Degrado nei parchi e luoghi di ritrovo frequentati dalle fasce più deboli in balia di tossici e barboni anche di giorno; gang giovanili che creano disturbo della quiete pubblica e compiono atti vandalici; isolamento in alcuni quartieri diventati prede facili da parte di bande senza scrupoli; infiltrazione di cosche mafiose; traffico di sostanze stupefacenti; casolari occupati da clandestini e/o nullafacenti con particolare tendenza a delinquere.

Colpi a bancomat e supermercati; furti consumati a tutte le ore del giorno e della notte. Questi e altri reati dimostranol’aumento malavitoso che continua a colpire il nostro operoso comprensorio. Una realtà in cui si vive con problemi che da sempre sono denunciati. A tal proposito i cittadini si attendono il massimo impegno nella soluzione degli stessi da parte di coloro ai quali è demandata la responsabilità dell’ordine e della sicurezza pubblica, nonché la direzione e il coordinamento a livello tecnico operativo della forza pubblica, attraverso il miglior utilizzo possibile delle risorse a disposizione e il coinvolgimento di tutte le agenzie sane del territorio.

In alternativa a ciò non rimane che abituarci e convivere con la paura e con questo tipo di cronaca nera in costante aumento. È bene ricordare che in gioco c’è la sicurezza di tutti i cittadini che chiedono a gran voce di fermare questa violenza gratuita e inaudita con urgenti misure di tutela. Nel frattempo si attende che le tante, troppe, dichiarazioni delle autorità preposte alla sicurezza si tramutino in fatti concreti e che si allontani la sensazione che le località limitrofe e indifese assomiglino sempre più a terre di conquista.

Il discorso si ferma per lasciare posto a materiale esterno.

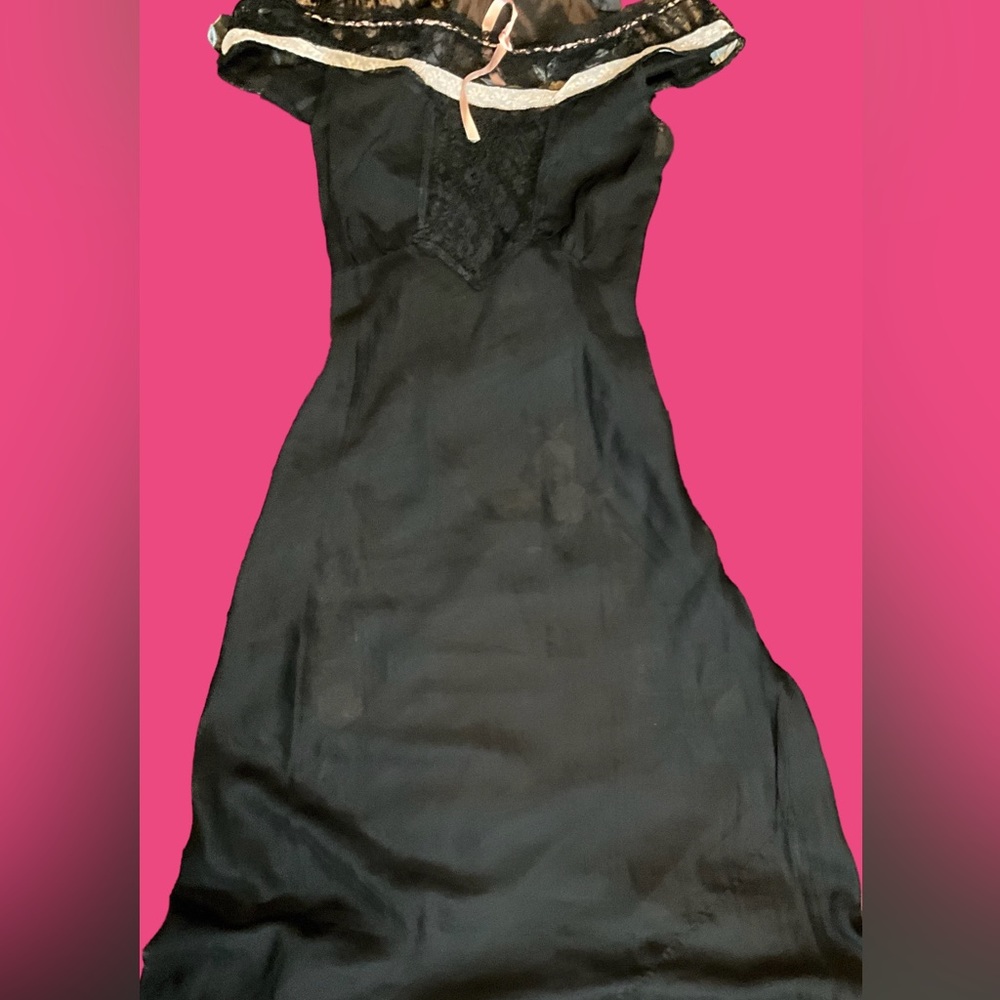 1930s Black Chiffon Lace Bodice Peekaboo Pink slk maxi gown lingerie/nightgown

Nella classifica stilata dal “Sole 24 Ore”, si nota che tra le 107 province italiane quella di Forlì-Cesena si colloca in sesta posizione per gli omicidi da incidente stradale. Inoltre, a riprova di quanto citato, 33esima per furti; 26esima per furti in abitazione; 34esima per furti nei negozi; 39esima per furti con strappo; 32esima per furti con destrezza; 30esima per furti nelle auto in sosta; 84esima per furto di ciclomotori; 91esima per furto di motocicli; 94esima per furto d’auto. Quasi 1200 denunce ogni 100mila abitanti. Alla voce rapine è 32esima; 29esima per rapine in abitazione; 31esima per rapine in esercizi commerciali e 27esima per rapina in strada. E ancora, 74esima per danneggiamenti; 45esima per tentati omicidi e 21esima per violenze sessuali.

Al capitolo droga è 60esima alla voce stupefacenti; 44esima per produzione e traffico; 74esima per spaccio. 36esima posizione nelle estorsioni; 33esima per associazione per delinquere; 32esima per reati informatici. Per quanto riguarda i reati contro la persona: 13esima per gli omicidi colposi; 34esima per lesioni dolose; 41esima per percosse; 70esima per minacce e decima alla voce altri delitti.